Modeling Christian faith works best when we have a network of servers — not the digital doodads, but people who love God and love serving others. In this passage, Paul uses the words “unwise” and “wise” to refer to unbelievers and believers as he instructs followers of God in how they should operate (walk) within an obedient network. Tennessee Southern Baptists very frequently make the most of the time, just as the apostle directed. Giving through the Cooperative Program, traveling across the state and the nation to serve as part of a disaster relief team, conducting ESL classes, volunteering at a Crisis Pregnancy Center — these are just a few of the many ways we serve through a network of dedicated believers.
In 1 Peter 4:10 we read, “Based on the gift each one has received, use it to serve others.” Paul tells us in verse 17 to “understand what the Lord’s will is,” a desire the Lord expressed yet again following the Last Supper. His apostles had apparently eaten a slice of pride pie for dessert and were arguing over who was the greatest among them. The Lord’s answer rang the bell on the selfless scale when He said, “For who is greater, the one who is at the table or the one who serves? Is it not the one who is at the table? But I am among you as one who serves” (Luke 22:27).
Jesus’ lessons and Paul’s admonition in verse 21 to submit “to one another in the fear of Christ” form the operating system for our network. Occasionally, though, we get something that acts like a computer virus. A fellow pastor told a heartbreaking story you might have heard, a narrative that has played out far too frequently in far too many churches. A family that had visited a very few times over a three-year period arrived for worship one morning and settled into a pew. They were approached shortly by a long-time church member who brusquely said, “You are sitting in my seat.” Tension swept over the sanctuary as the husband and wife looked at one another in disbelief. Immediately, the family stood up and walked back down the aisle and out of the church. They won’t be back. The End.

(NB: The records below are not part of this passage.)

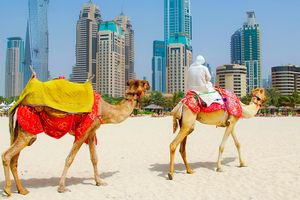 Vuelo - Vuelos a Dubái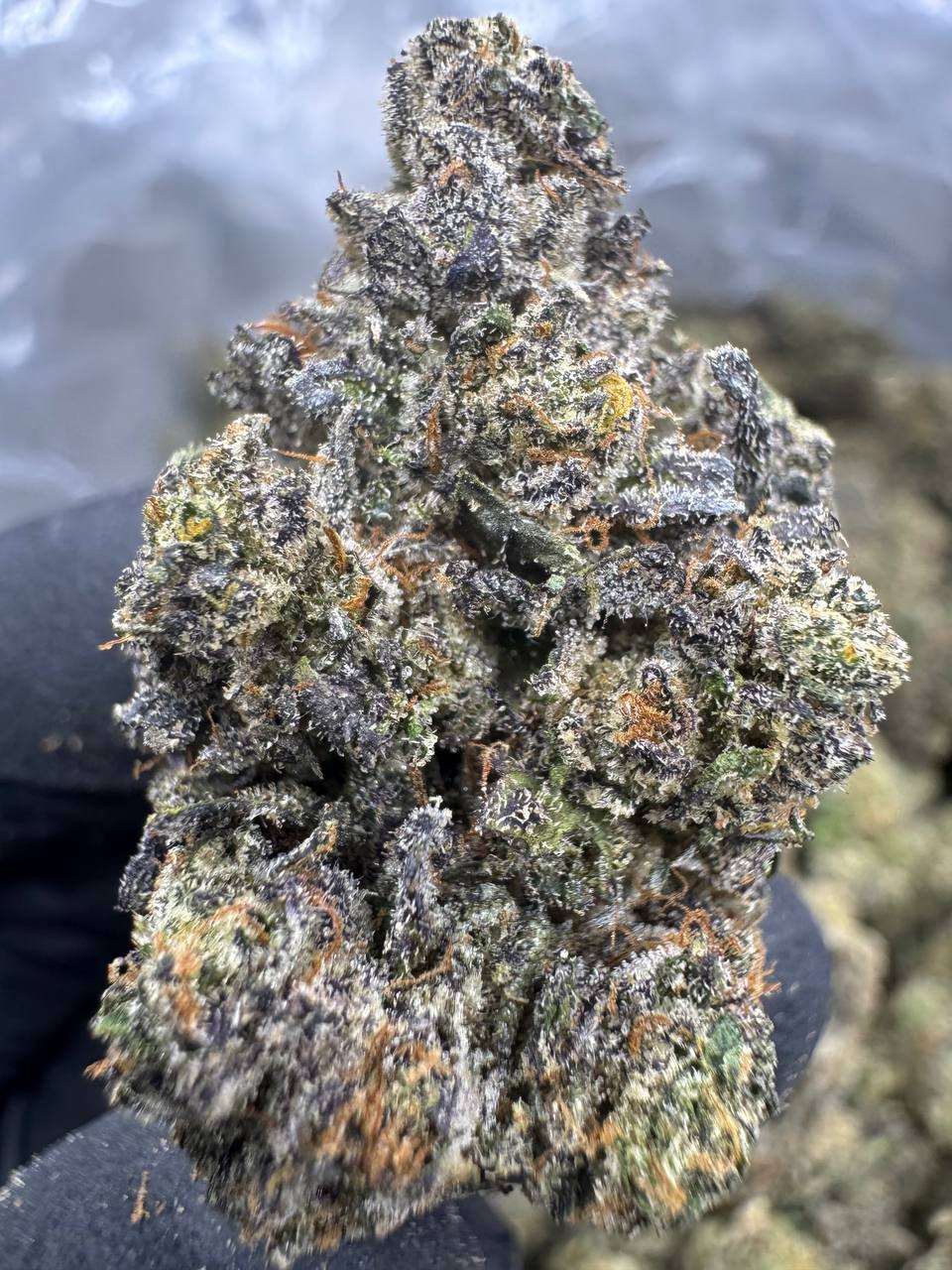 Cherry Pie Runtz THCA Flower – Indoor Exotic Top Cut 1 Cherry Pie Runtz THCA Flower – Indoor Exotic Top Cut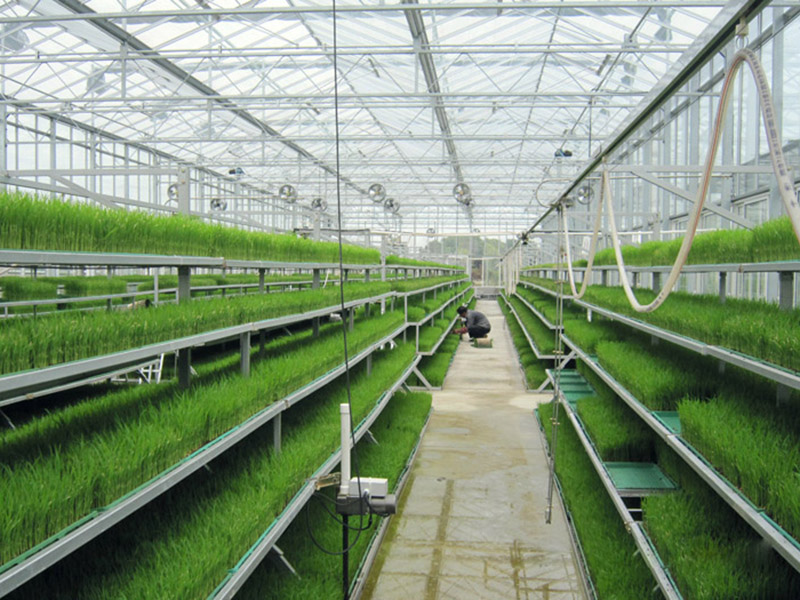 蔬菜大棚建設的兩種拱架材料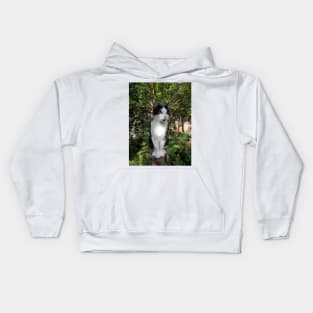 Robby the cat Kids Hoodie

Let’s focus on serving instead of self serving. Is where I sit more important than someone’s soul? The operating manual directs us, “So then, as we have opportunity, let us do good to everyone, and especially to those who are of the household of faith” (Galatians 6:10). Our capabilities are curtailed when we function as stand-alone units, but God’s power is greatly multiplied when we connect with other servers in love and faith.
Bruce Thielemann, pastor of First Presbyterian Church in Pittsburgh, told of a conversation with a member of his flock who said, “You preachers talk a lot about ‘do unto others,’ but when you get right down to it, it comes down to basin theology.” Thielemann asked, “Basin theology? What’s that?”
The layman said, “Remember what Pilate did when he had the chance to acquit Jesus? He called for a basin and washed his hands of the whole thing. But Jesus, the night before His death, called for a basin and proceeded to wash the feet of the disciples. It all comes down to basin theology: Which one will you use?”